%%

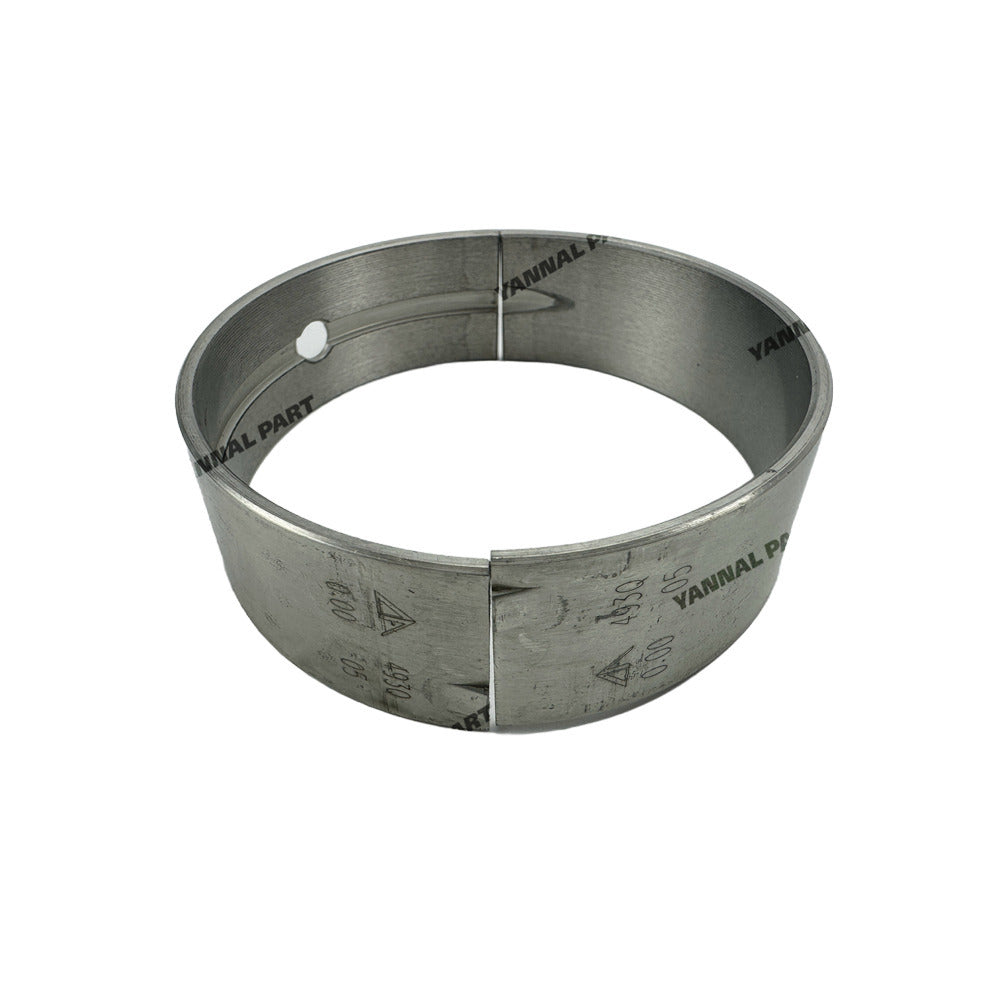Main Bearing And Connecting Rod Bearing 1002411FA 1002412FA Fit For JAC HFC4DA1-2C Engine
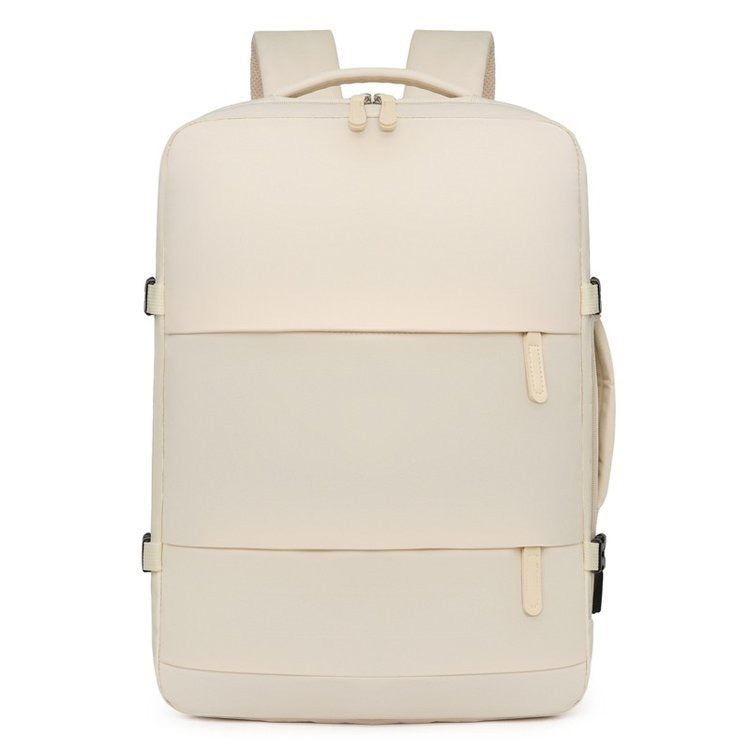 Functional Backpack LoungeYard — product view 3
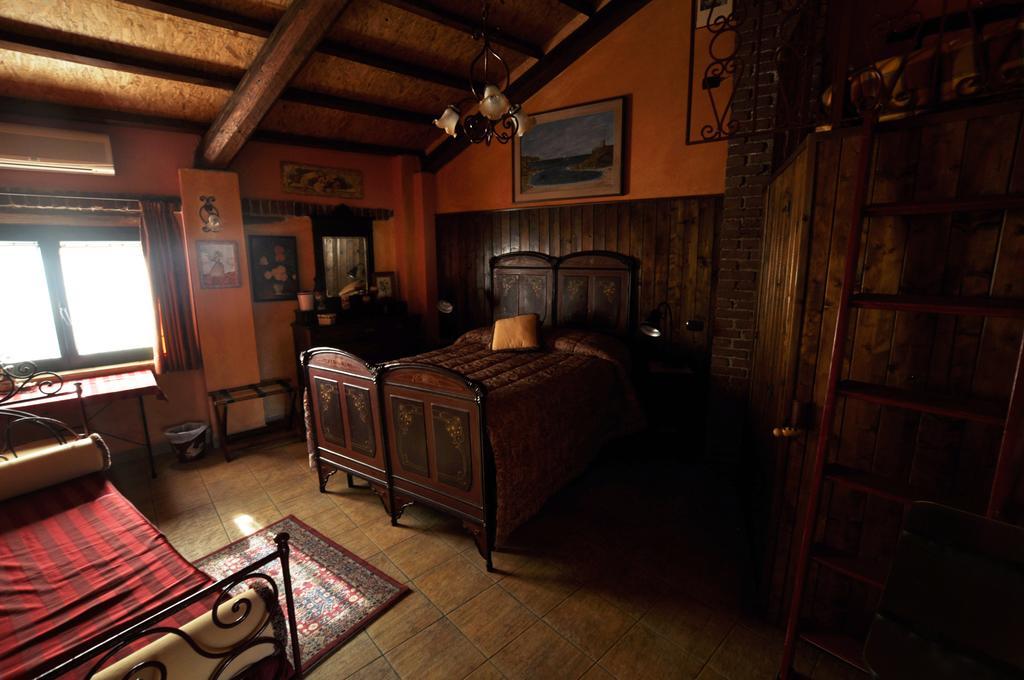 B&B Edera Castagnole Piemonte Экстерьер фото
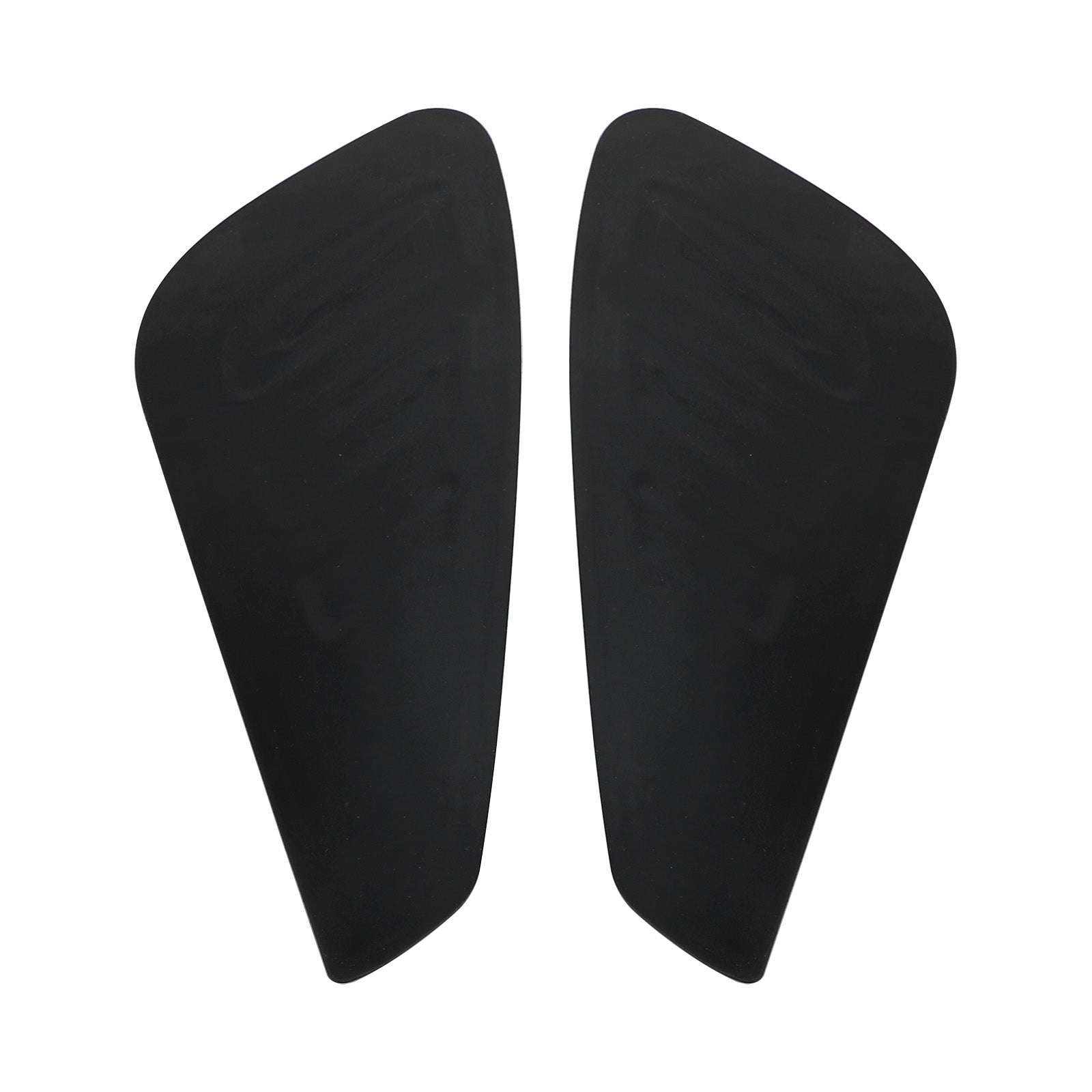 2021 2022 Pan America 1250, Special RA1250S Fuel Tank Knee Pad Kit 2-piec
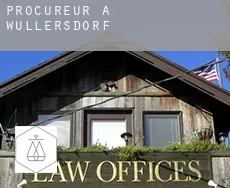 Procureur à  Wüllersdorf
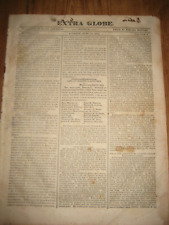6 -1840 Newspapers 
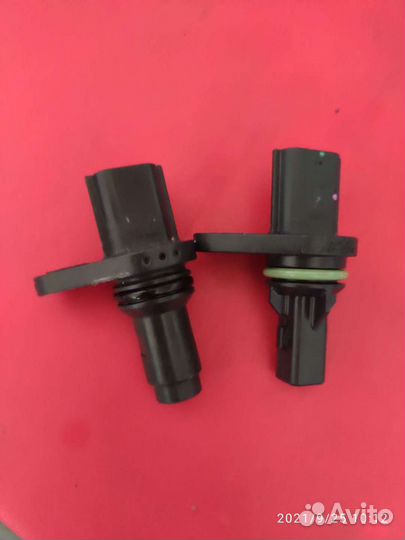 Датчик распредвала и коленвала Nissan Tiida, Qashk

%%
%%

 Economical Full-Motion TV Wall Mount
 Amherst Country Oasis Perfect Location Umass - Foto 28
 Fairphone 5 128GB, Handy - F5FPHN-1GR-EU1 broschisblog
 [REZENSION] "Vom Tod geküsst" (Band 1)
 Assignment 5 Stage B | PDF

%%

- _YOUR ASSIGNMENT_
Set down exactly the lines of the data above, beginning with the line that has "Fairphone 5 128GB, Handy" and ending with the line that has "Assignment 5 Stage B | PDF", and no others.

- _OUTPUT OF THE TASK_
 Fairphone 5 128GB, Handy - F5FPHN-1GR-EU1 broschisblog
 [REZENSION] "Vom Tod geküsst" (Band 1)
 Assignment 5 Stage B | PDF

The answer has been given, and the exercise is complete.